X-Men: Dark Phoenix
Throw a dart at an X-Men movie and there’s a 50/50 chance you’ll hit something good, so tumultuous has their journey on the big screen been over the past nineteen years. The high highs of Days of Future Past match only the very low lows of Origins: Wolverine, but at least we can say that Fox doesn’t do things by halves. Dark Phoenix may have received a lambasting from the critics over the past week or so, but, whilst it is by no means a good movie, my low expectations made for an OK time at the movies.
In fact, I was completely on board with the first twenty minutes or so of this film. The X-Men are now a fully-fledged superhero team, with a direct line to the President, and mutants are no longer feared in the world, but accepted. It sets off on a brisk pace, and within minutes the team is already in space, saving astronauts from colliding with a solar flare. It is a tight, concise beginning to the film, tense and further enhanced by Hans Zimmer’s damn good score, and, should this have been the first episode in a Dark Phoenix TV show, it might have fared better.
Unfortunately, the film continues from there. It is a lengthy and difficult story to adapt, The Dark Phoenix Saga, and it shows both in this film and its previous attempt The Last Stand; both were written by Simon Kinberg, who inherited the title of director for this latest outing, and it smacks of an innate misunderstanding of the story.
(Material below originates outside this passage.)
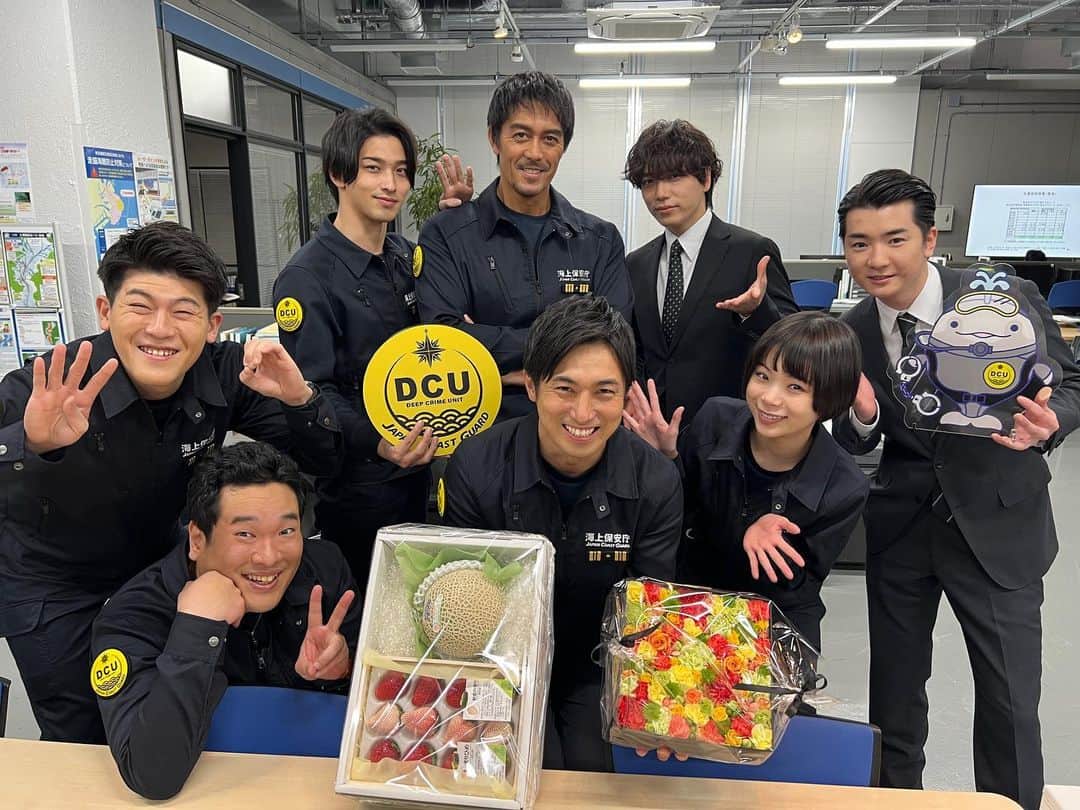 DCUのインスタグラム：「＼✨HAPPY BIRTHDAY 高橋光臣さん🌈／  本日3月10日は我らが副隊長‼️ 高橋光臣さんのお誕生日🎂  DCUメンバー+公安チームで お祝いすることができました😆💭  みんなの頼れるお兄ちゃん的存在な光臣さん‼️光臣さんにとって素敵な一年になりますように✨皆様光臣さんへのメッセージをコメントにお願いします📝🤲🏻  #DCU 第８話 ３月１３日(日)よる9時〜放送🤿  #DCUjapan #TBS #日曜劇場 #阿部寛 #横浜流星 #中村アン #山崎育三郎 #趣里 #高橋光臣 #岡崎体育 #有輝(#土佐兄弟) #佃典彦 #春風亭昇太 #市川実日子 #吉川晃司」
The same mistakes that were made in 2006’s iteration of the arc are once again made here, and no lessons seem to have been learned; more characters are added to flesh out a story that doesn’t need to be expanded, and Phoenix herself becomes, once again, side lined.
The good news is that the performances are (mostly) there. Turner is excellent as both Jean Grey and her alter-ego, Phoenix, and manages to flit between her softer and villainous side with ease; it’s just a shame that she is not given enough to do, despite it being her movie. The rest of the cast don’t fare much better, as narrative would have you believe that Professor X (an always under-appreciated McAvoy) is the true villain of the piece, but not enough focus and development is made for his arc to ring true, whilst Magneto (Fassbender) is in this movie simply because the filmmakers wanted him to be.
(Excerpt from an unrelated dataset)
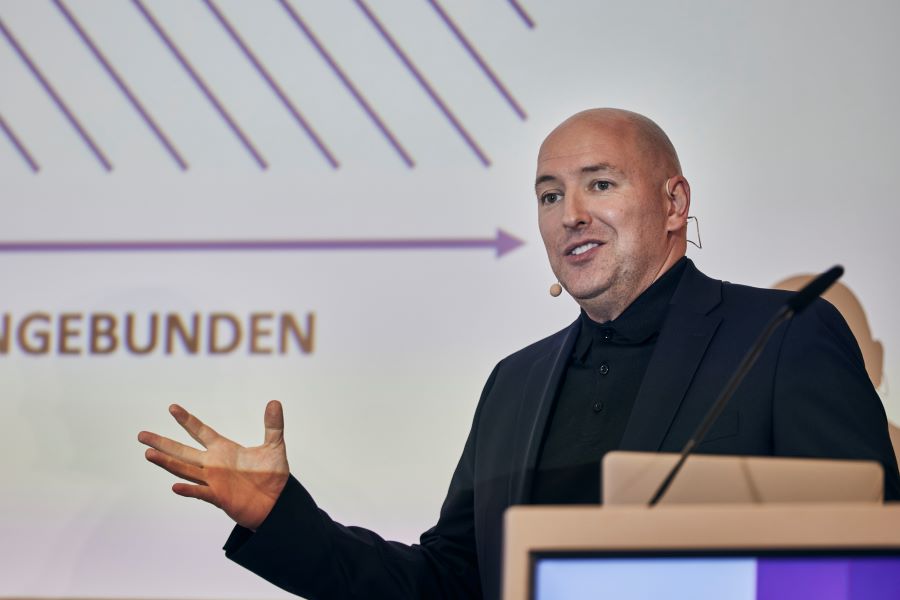 Mark Fliegauf auf der bAV Konferenz 2023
And then, of course, is the added villain, a character made by Kinberg’s own design. Vuk (Chastain), an otherworldly being (although none of the characters reactions would render this a big deal), follows the solar flare down to Earth in order to harness its power. It is, quite frankly, baffling as to why Chastain would accept such a part, as she is completely wasted in a generic villain role and holds little to no threat on our heroes; her talents far exceed what the script requires of her.
It is very poorly written and directed, with no quick wit or visual flare to heighten the viewing experience, and the film plods along without any sense of urgency, despite one of its main characters turning to the dark side. Action is mediocre, at best, without anything memorable, and it’s nice to know that the heroes we are supposed to look up to now hold no regard for civilian life (a street in New York quickly becomes rubble whilst two sets of heroes/villains are at loggerheads).
It may not be painful to watch, due to a strong opening act and a good performance from Turner, but with a lack of development amongst its characters, superfluous villains and some baffling choices made by the creative team, it is a damp squib of an ending to a nineteen-year long franchise. Not their finest hour.